Smart speakers are the most prevalent smart home controller, used by 35 percent of smart home owners, Parks Associates blogged Thursday. Five percent of U.S. broadband households use their smart speaker as a hub vs. 3 percent that use a home security system and 2 percent with independent control hubs. Most smart homeowners operate their devices individually, but voice control's rise and the growing number of connected devices in homes is nudging more toward centralized control, said analyst Dina Abdelrazik. Such homes average more than 10 devices, and voice is emerging as a key interface for managing them, she said. "A smartphone app may be sufficient for houses with just one device, but when people get their fourth or fifth product, using individual apps for each device creates friction."
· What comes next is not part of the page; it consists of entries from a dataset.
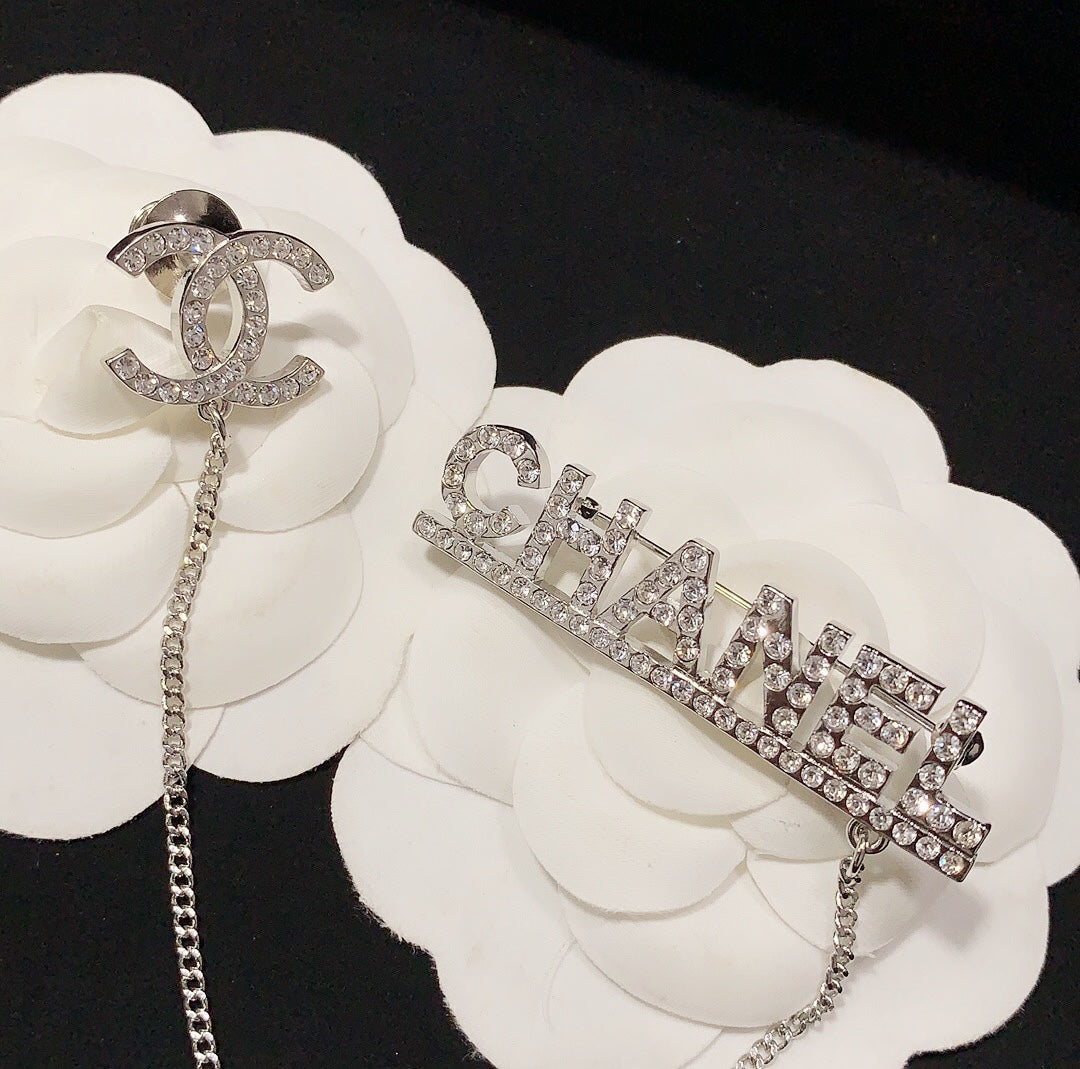 14C227XDE Stylish  Brooch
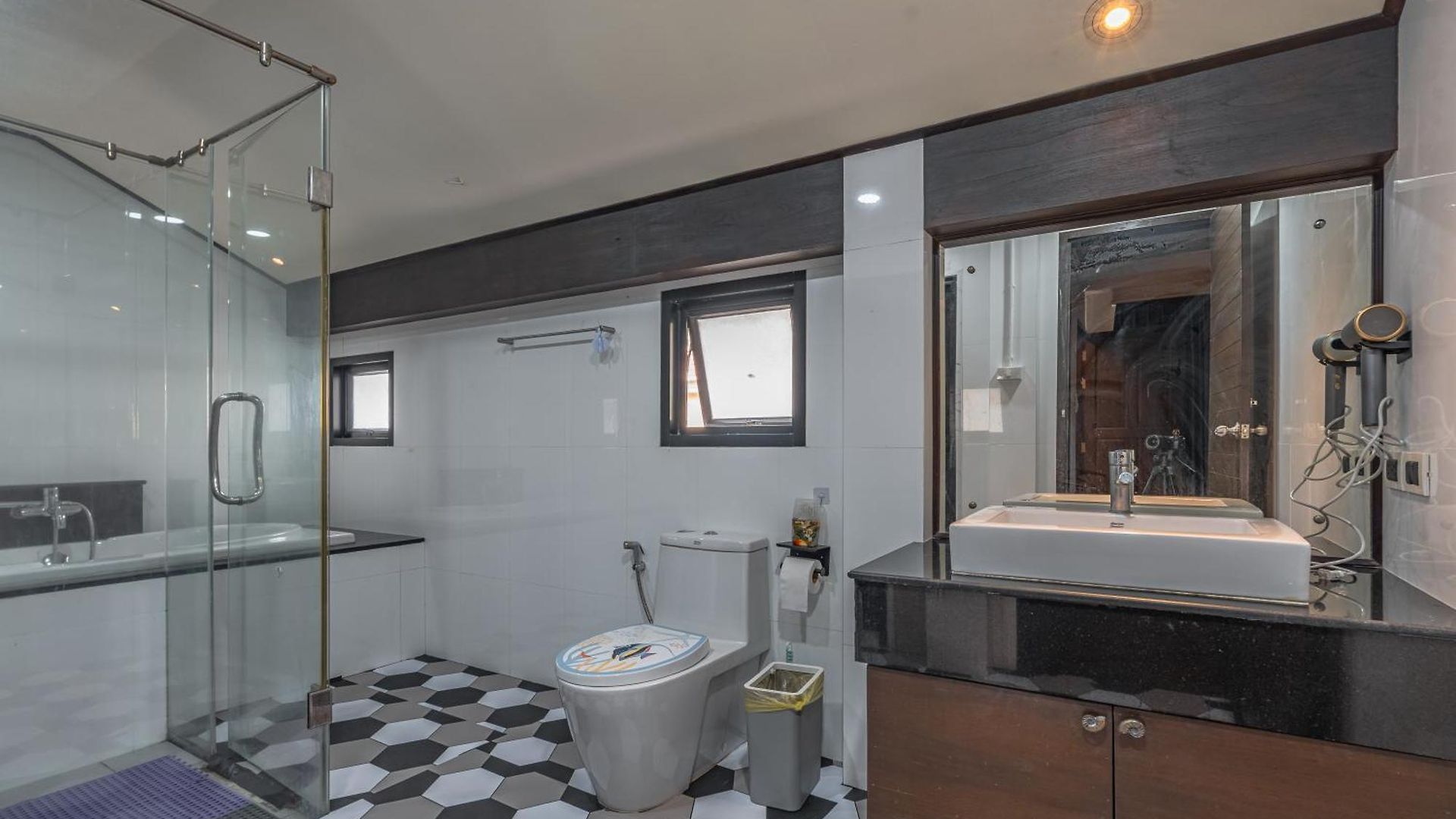 Thai Luxury 3bedroom Pool Near Hollywood * Pattaya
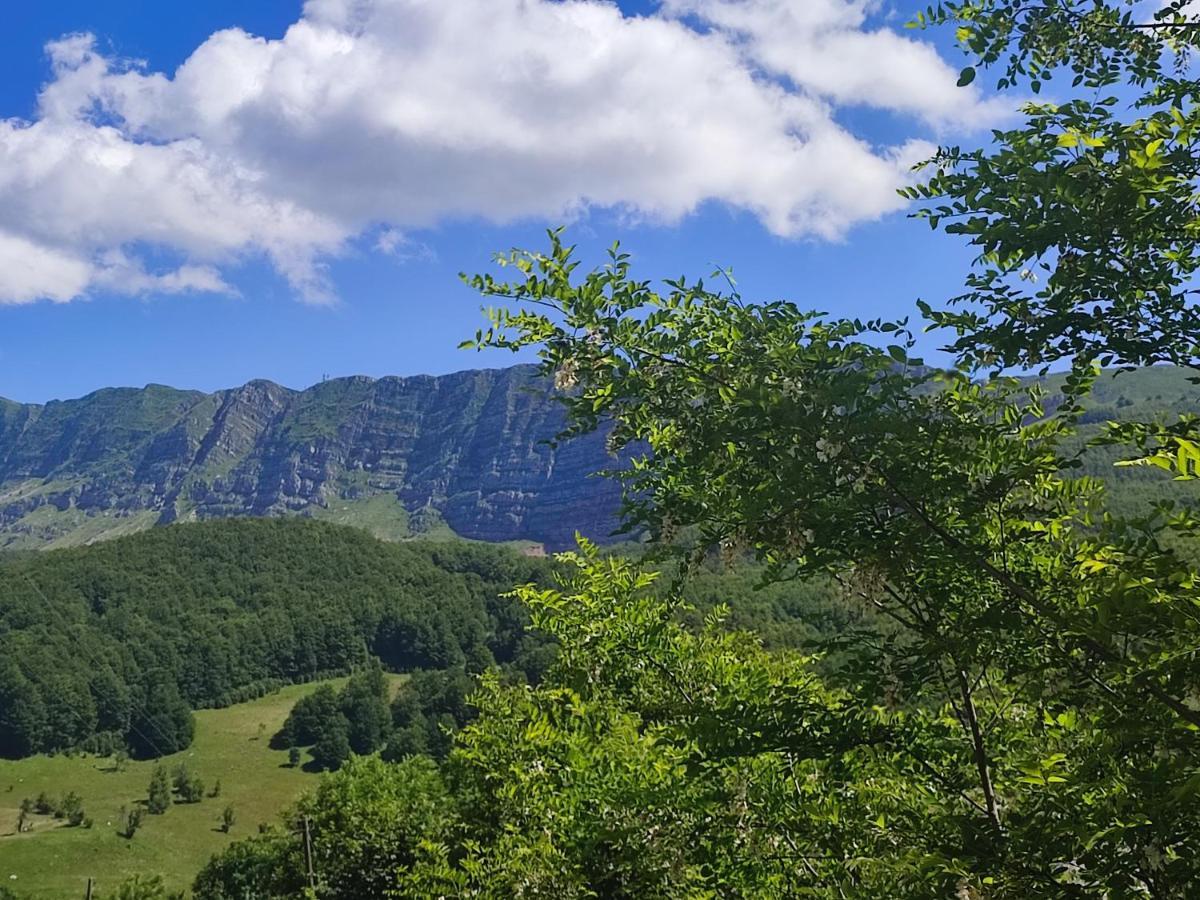 Cemerno Cottage Gacko Bagian luar foto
As global pay-TV competition further intensifies, “deployment of next-generation content delivery solutions to provide the best user experience across different video platforms is crucial for the success of service providers,” said ABI Research Thursday. It forecasts video streaming services will top 585 million subscriptions worldwide in 2019. ABI sees 5G network deployments as a “catalyst” in mobile video consumption, “driving the requirement of efficient video delivery solutions,” it said. Ultra HD and augmented- and virtual-reality video applications “are also expected to drive the deployment of edge computing platforms for content delivery,” it said. Edge computing can greatly reduce latency by moving the data source closer to end users, it said.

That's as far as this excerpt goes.